Assignment: Repeat exactly, and only, the lines from the line bearing "1330 Mayflower AVENUE, Sheboygan, WI 53083" through the end of the material. Do not copy the pictures.
─── Data shown
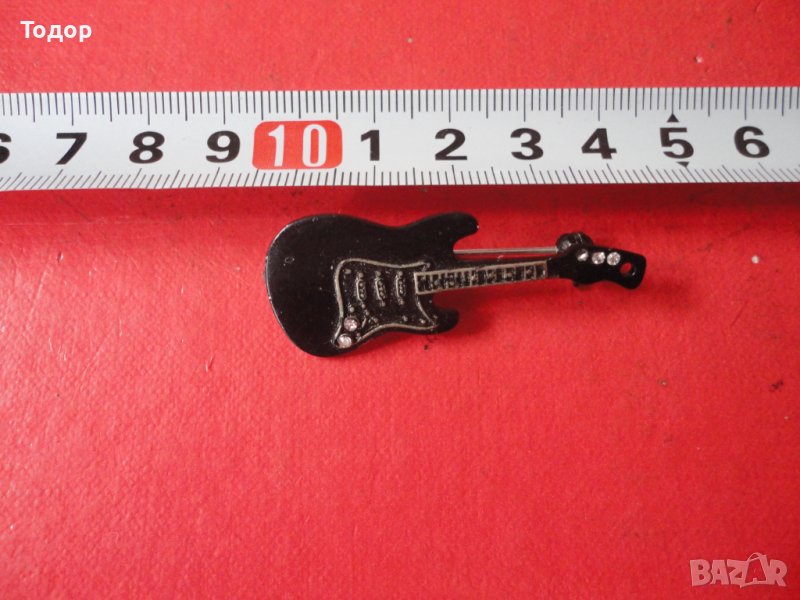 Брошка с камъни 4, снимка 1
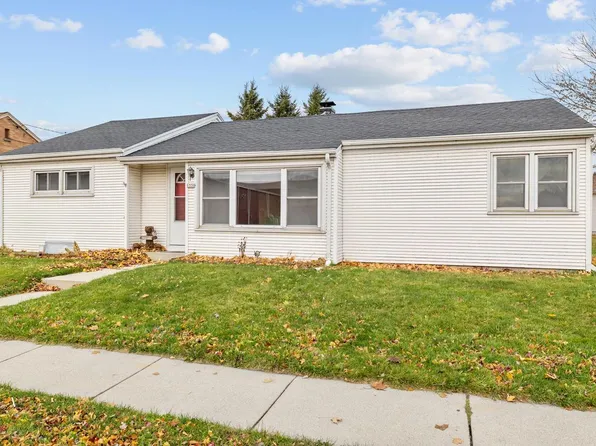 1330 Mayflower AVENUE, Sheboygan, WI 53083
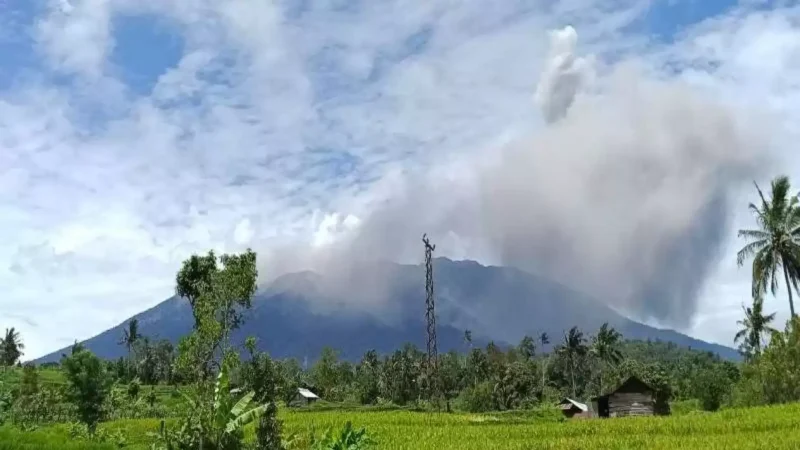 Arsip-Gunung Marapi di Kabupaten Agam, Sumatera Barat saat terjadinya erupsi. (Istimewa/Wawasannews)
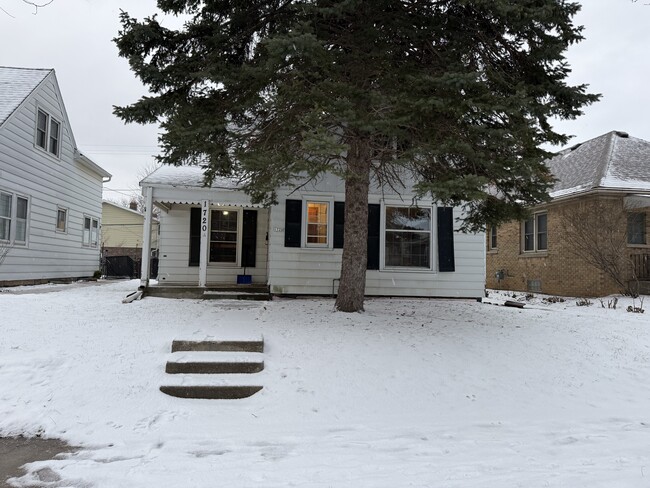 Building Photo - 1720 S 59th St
──────
Reply to the task:
 1330 Mayflower AVENUE, Sheboygan, WI 53083
 Arsip-Gunung Marapi di Kabupaten Agam, Sumatera Barat saat terjadinya erupsi. (Istimewa/Wawasannews)
 Building Photo - 1720 S 59th St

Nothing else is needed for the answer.